Questo finale di tappa è stato una vera battaglia. Il mare era forza 7-8 e la preoccupazione maggiore non era quella di arrivare, ma quella di non colare a picco. Venerdì i due non hanno potuto proprio andare avanti, anche perché stanchi dopo 32 giorni passati nell’Oceano Indiano, e sono arretrati di circa 15 miglia virando verso Golden Bay, per poi riprendere quando la tempesta si fosse un po’ allentata.

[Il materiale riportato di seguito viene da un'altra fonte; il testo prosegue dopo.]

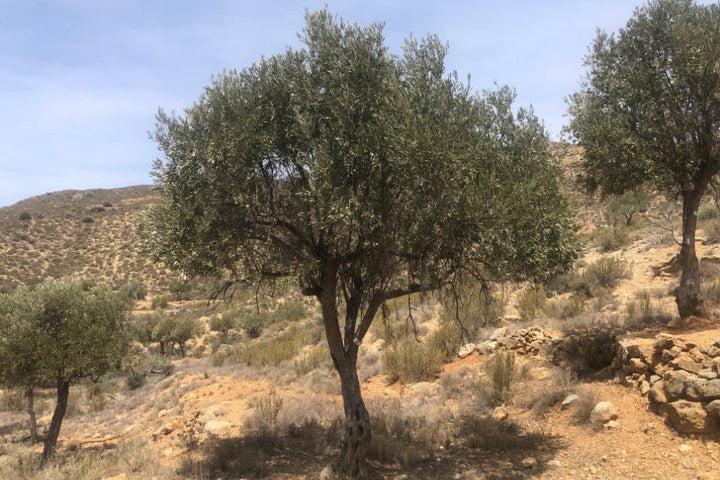 Adopt Your Tree in Olivar Cúrate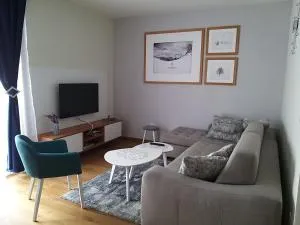 Apartman 307 u Vili Borova - 兹拉蒂博尔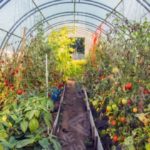 How to choose the best greenhouse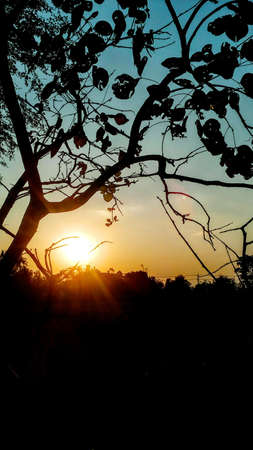 Sun and treesの素材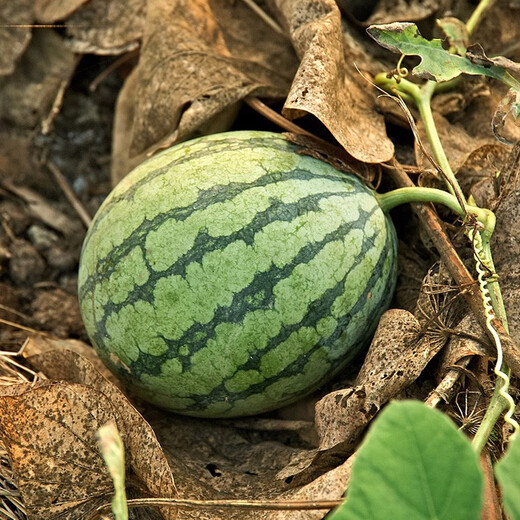 Shouhe Yellow Flesh Watermelon Seeds Yellow Heart Gift Type Yellow Flesh Shouguang Melon Winter and Spring Home Garden Melon Seeds Xiaofeng Watermelon Seeds 30 capsules (10 capsules x 3 packs)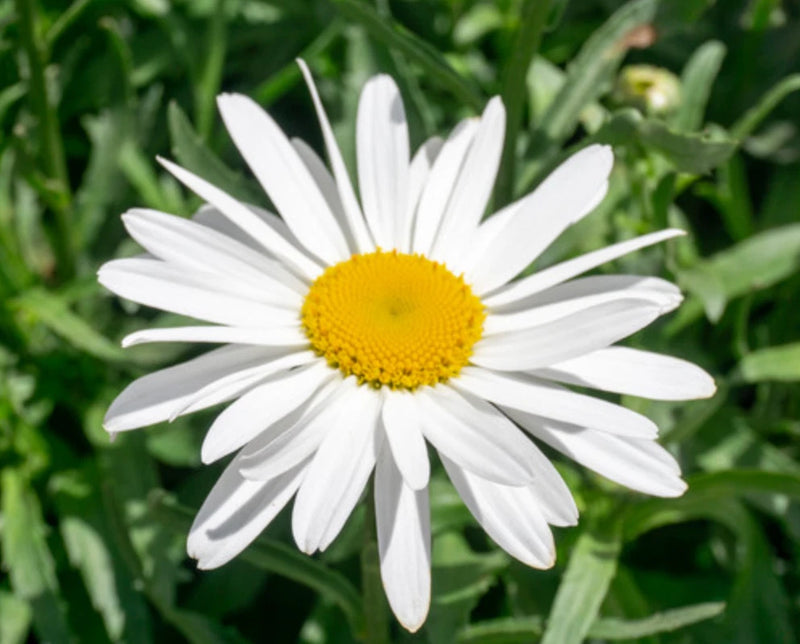 3 Live Leucanthemum Shasta Daisy ÔLucille WhiteÕ Plants Ð3Ð5Ó Tall in Plugs Garden Plants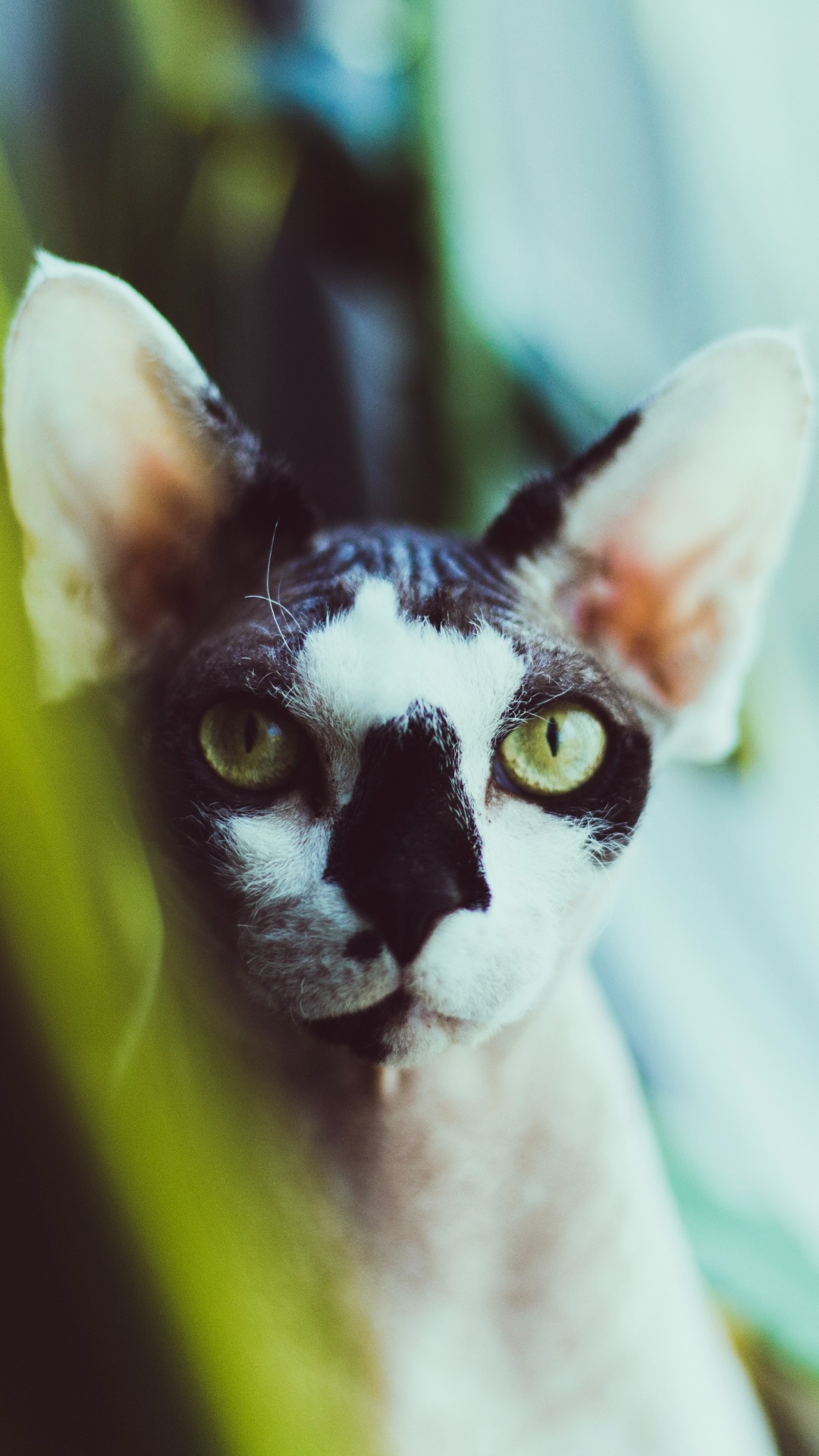 Обои кошки сфинксы, Девон Рекс, Корниш Рекс, бакенбарды, кот в разрешении 1080x1920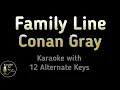 Download Lagu Conan Gray - Family Line Karaoke Instrumental Lower Higher Female Original Key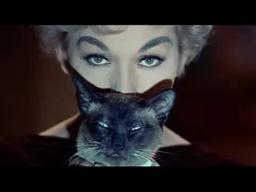 Bell, Book and Candle (1959) - Classic Clip - I'm Allergic To Your Cat - James Stewart - Kim Novak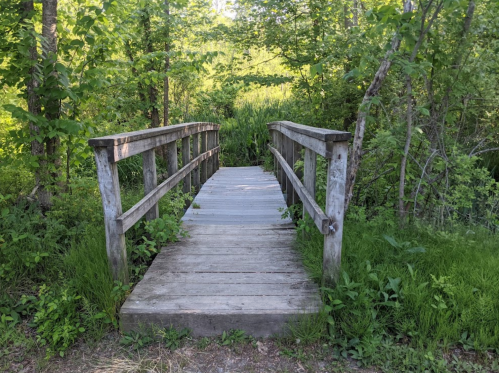 A wooden bridge surrounded by lush greenery, leading into a peaceful forested area.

A mezzanotte (GMT) di venerdì, BSL era al largo della punta dell’isola Urville (South Island), e dopo un breve consulto con l’organizzazione, Ross Fikld ha preso la decisione di aspettare a compiere quelle ultime miglia riparando verso North Island:” Abbiamo visto tra i 50-60 nodi di vento, ma non era solo quello. La tempesta alzava tanta schiuma che non si vedeva nulla e le onde rompevano da tutte le parti. Era veramente pericoloso. Siamo andati solo con la tormentina e tre mani di terzaroli, ma comunque abbiamo fatto un sacco di danni e perso lo spi che è andato distrutto e il pulpito è stato completamente divelto”.